Le confinement est un empêchement de mouvement libre des individus. L’empêchement est ici non total puisque des dérogations pratiquement accessibles à tous, quotidiennement, existent. Par ailleurs, cette contrainte est imposée à tout le monde, temporaire, pour l’instant non discriminante, et pour une cause commune : combattre un mal extérieur.

 Le confinement à domicile est certainement vécu de façon non uniforme. Les conditions matérielles et domestiques ou encore la préservation de sa source de revenu ou non ont une influence évidente sur la réalité vécue,  comme l’existence de troubles préexistants, notamment psychiques, empêchant une compréhension, ou encore la restriction de soins réguliers. Et encore plus, le fonctionnement fondamental de la famille à laquelle on appartient. Certaines situations sont à l’évidence très défavorables (certains d’entre nous sont même seuls) voire désastreuses en particulier dans les situations de fonctionnement familial violent et pathologique.

Il faut pourvoir repérer ces situations et tout faire pour les améliorer par nos actions citoyennes ou professionnelles. Mais ces situations sont très minoritaires. L’immense majorité des gens ont une famille sur laquelle ils peuvent (ou croient pouvoir) compter et pour laquelle ils comptent. Et avec laquelle ils se retrouvent, au moins en partie.

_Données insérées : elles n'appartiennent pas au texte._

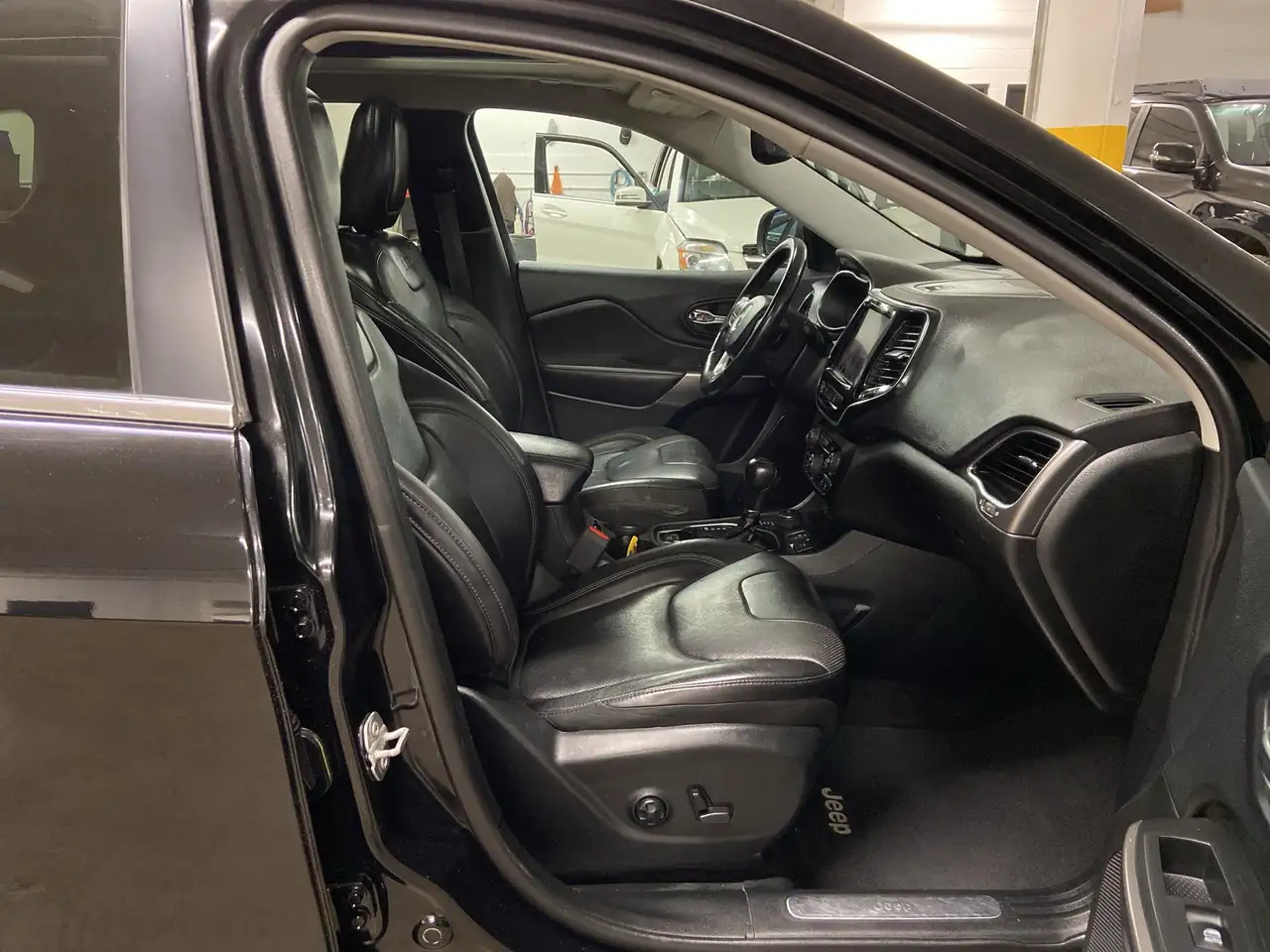 Jeep Cherokee fotografie Jeep Cherokee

Considérer a priori le confinement comme anxiogène et traumatisant en soi comme cela est très facilement évoqué, correspondrait à penser que la famille est un espace principalement toxique, étouffant, sans vertu particulière, et tolérable uniquement à « petite dose ». Cela serait considérer que la menace est finalement plus « intérieure » qu’« extérieure ». En plus de cette approche exclusivement péjorative de notre groupe familial,  cela serait aussi considérer au niveau individuel que l’empêchement de mouvement personnel libre au-delà d’une heure par jour et d’1 km serait à notre esprit insupportable et effondrant ?

Notre idéologie, notre culte libertaire et libéral nous laisse sans recul sur sa perturbation. Etre contraint à ne pas faire ce qu’on veut et quand on veut, être soumis à une dynamique familiale,  pourrait être psychiquement grave voire traumatique ?

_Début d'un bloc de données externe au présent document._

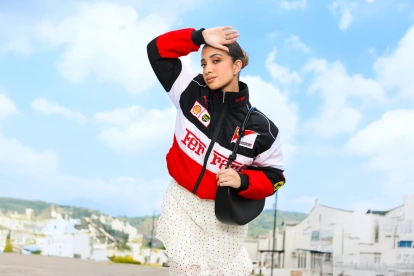 Cartera, gafas o calzado llamativo pueden hacer que el look se vea fashionista y no parezca improvisado.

L’idée que le confinement et ses contraintes pourraient être traumatisants est fausse et correspond à une posture libertaire et individualiste radicale et naïve discordante avec notre vécu intime.

L’inverse est même vrai. Etre contraint et contenu peut-être rassurant. En cas de menace perçue, le réflexe individuel et collectif allant de soi est de se protéger, c’est-à-dire mettre autour de soi des protections matérielles qui nous défendent mieux que notre corps lui-même. Et c’est même l’impossibilité de se protéger, c’est-à-dire de pouvoir se retirer  si possible avec les siens, qui devrait être anxiogène. On entend d’ailleurs de nombreux discours évoquant que malgré une annonce de réouverture des écoles et d’autres activités à la mi-mai, on se maintiendra chez soi quand même.

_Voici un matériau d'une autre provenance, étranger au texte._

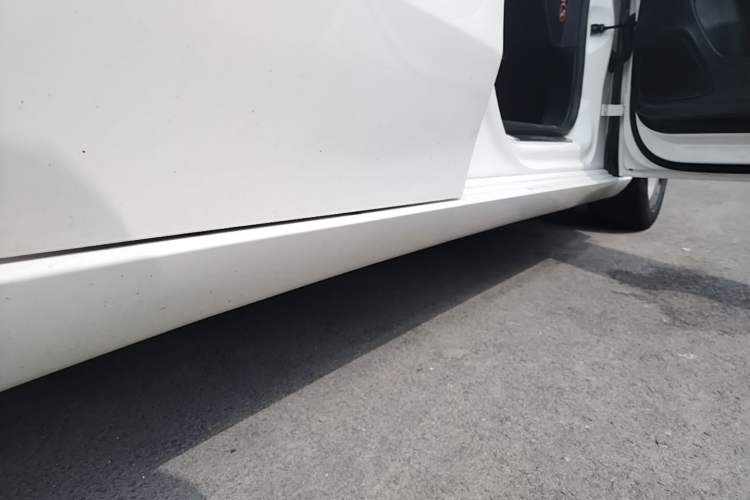 Used Mercedes-Benz A-Class 2019 A 200 L Right Side Sill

Nous sommes tout à fait capables de restreindre nos mouvements et nos consommations (et même de subir cette restriction) et de rester en famille sans en être traumatisés. C’est le contraire qui serait bien une inquiétante anomalie. Un confinement peut être bienveillant et bien vécu.

Il ne peut être en revanche durable et total. La liberté, l’épanouissement, la vie de façon générale a besoin de l’extérieur, de rencontres, de découvertes. Et ce malgré les risques ordinaires, irréductibles mais indéniables de l’extérieur que sont les accidents, les agressions, les échecs sociaux. Ces risques ordinaires sont en fait nécessaires et colorent notre vie par la nouveauté qu’ils permettent. On ne doit pas s’y soustraire. Mais lorsque que les risques sont potentiellement grands et de forme mal connue, le repli, temporaire, est certes gênant, pénible ( et dans certains mais rares cas très difficile) mais il n’est pas traumatisant. Et pour notre situation, ce sont bien les formes graves de la maladie et la possible mise en face au décès de proches (parfois même sans pouvoir s’en approcher) qui sont éventuellement traumatisants. Pas le confinement.

Le déconfinement n’aura de même pas de vertu de mieux être, ni de libération, en soi. Il n’en aura une qu’à la condition d’avoir appris à vivre avec la menace si elle est toujours là, ou bien que celle-ci ait disparu.